Paul Mathes Fink was born on June 8, 1892. A lifelong resident of Jonesborough, Tennessee, Fink was deeply interested in Tennessee history and devoted to historic preservation. He served as Washington County's official historian, was an active member of the Historic Jonesborough restoration program, and held office in the Tennessee Historical Society, the Tennessee Archaeological Society, and the Tennessee Folklore Society. Fink was also an active mountaineer and conservationist and was instrumental in establishing the Great Smoky Mountains National Park and the Appalachian Trail in Tennessee and North Carolina. Fink wrote several books, including That's why they call it (1956), Jonesborough: the first century of Tennessee's first town (1972), Bits of mountain speech (1974), and Backpacking was the only way (1975). He died in March of 1980.
Paul Jay Adams is perhaps best known for his Mt. LeConte (1968) and the collection of Tennessee mollusca (acknowledged as the largest in existence) that he assembled with Manley Barber. Adams was born on September 4, 1901. In 1924, he became a charter member of the Smoky Mountains Hiking Club and of the Knoxville chapter of the Tennessee Ornithological Society. Several years later, he served as a guide for members of the National Park Commission who had been assigned to evaluate the Great Smoky Mountains as a possible park site. He and his wife, Maxine Day Adams, established Alpine Floral Gardens in Alpine, Tennessee in 1934 but quickly relocated to Crab Orchard as their business grew. The couple moved to Oak Ridge in 1943 so that Paul Adams could work as the superintendent of fire prevention and safety for the Atomic Energy Commission but returned to Crab Orchard immediately after the end of World War II. After Paul Adams retired in 1961, he and his wife developed and operated a thriving weaving business.
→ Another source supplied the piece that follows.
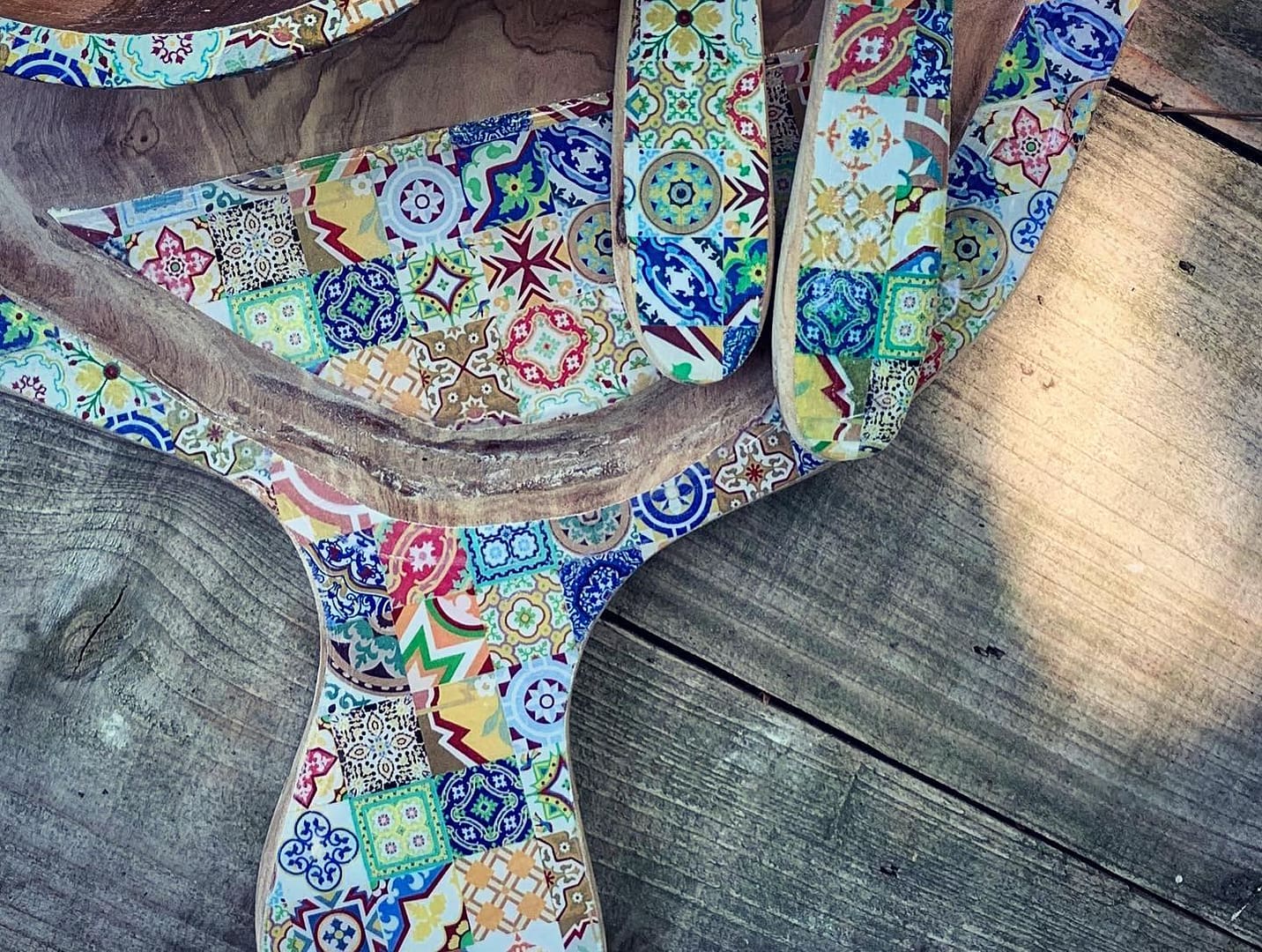 Mix Tile Painted Effect Tile Gift Set Wood Bowl 26x8 cm, Olive Wood Utensils 30cm and Olive wood Jus Handle Board 40cm - Image 10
Adams died on February 2, 1985 in Crab Orchard.
This collection consists of one box divided into three series:
- Series I: Papers Regarding Paul Jay Adams, 1923-1986 April 7
- Series II: Papers Regarding Paul Mathes Fink, 1974 May 1-1978 February
- Series III: Other Papers, 1985 September-circa 2010 May
Ilene Jones Cornwell donated these papers to the University of Tennessee's Special Collections Library.